Mamelodi Sundowns co-coach Manqoba Mngqithi says his side will stick to their playing concept and has asked his players to giving them what they used to as they look to overturn their first-leg deficit in Sunday’s Caf Champions League quarterfinal return leg against Atletico Petroleos.
The Brazilians suffered a disappointing 2-1 defeat in Angola last weekend and will be looking to overturn the aggregate score and book a spot in the semi-finals of the competition.
Speaking to the press ahead of the game, Co-Coach Manqoba Mngqithi said that he expects a high octane game with strong elements of high pressing and strong quick short passing.
“We will stick to our playing concept, we are a team that wants to dominate the field and dominate the ball. Dominating the field means winning all duels, winning all our 1v1 battles and also dominating the ball possession and chances created.
“We want to see our team giving us what we are used to. It’s no different to a game that starts at nil-nil, we always want to score, we always want to win”
“We want to play a high octane game, where we have a strong elements of high pressing and strong quick short passing.”
The Downs coach also touched on the use of VAR after his side hate a late equaliser ruled out by the VAR in the first leg.
“It’s a little bit of a challenge, but perhaps it’s something we have to adapt to.

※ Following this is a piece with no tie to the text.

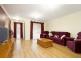 13 Hillman Court, Berwick VIC 3806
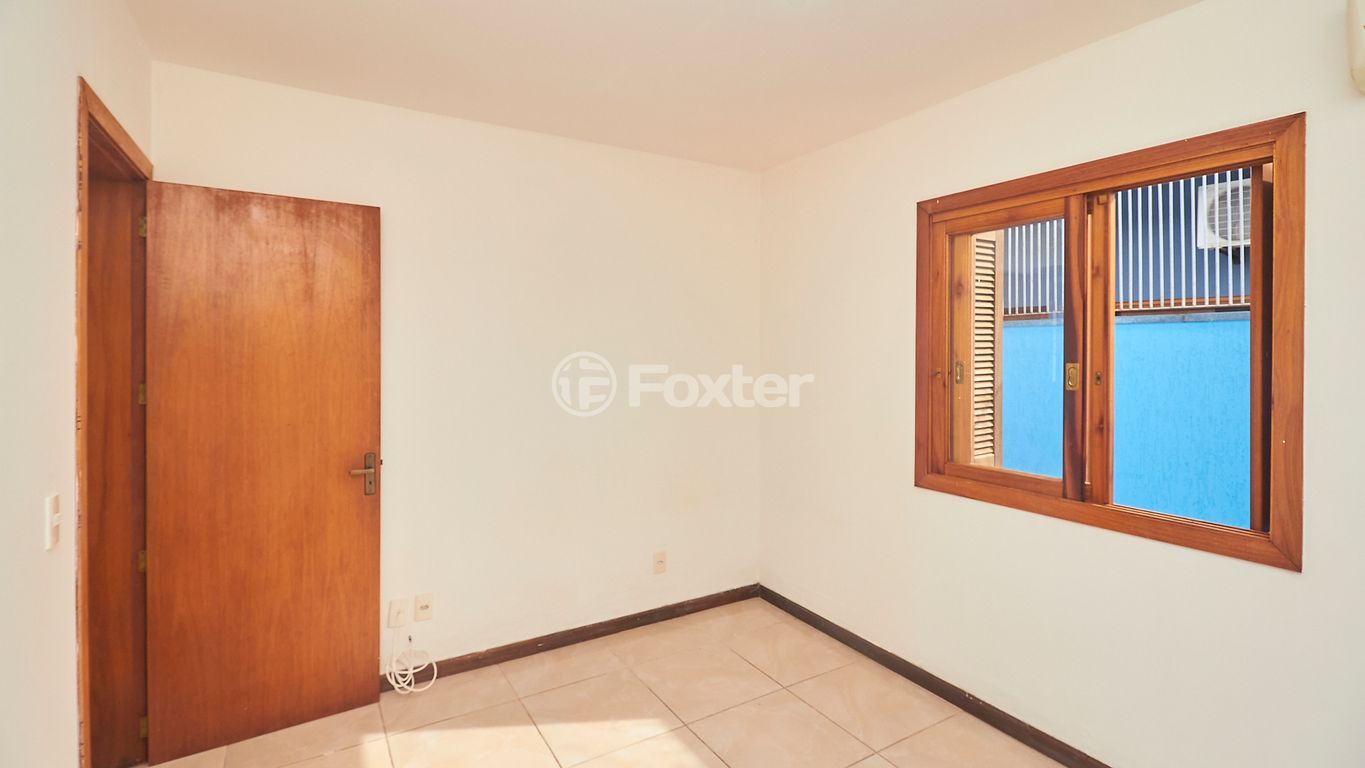 casa sobrado para comprar em Catarina Quadros, 42 - foto 5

We’ve seen in [European football] when there is something dubious, you expect the referee to go to the screen, however it seems in Africa they choose when they go check the screen.”
On the day of press conference, Sundowns welcomed fans to Chloorkop for an open training session in a bid to build anticipation for the game. Mngqithi expressed his excitement in strengthening the connection between the fans and the players with this initiative:
“To be honest I think its the best decision, I’ve seen it with many European teams. I think it brings a sense of ownership for the spectators when they see the preparations, they don’t take things for granted. [When the fans have this sense of ownership] at times they will get disappointed, at times they will get satisfied, so it’s very important.”
“What we always try put into the minds of the players is that they must give the fans a reason to want to come watch them for in the next match. This means they should put on a spectacle, regardless of the result, if you show that you have left a piece of your skin on the pitch, you are saying ‘we have done our best’ and at times its not the result that will bring people back,” he concluded.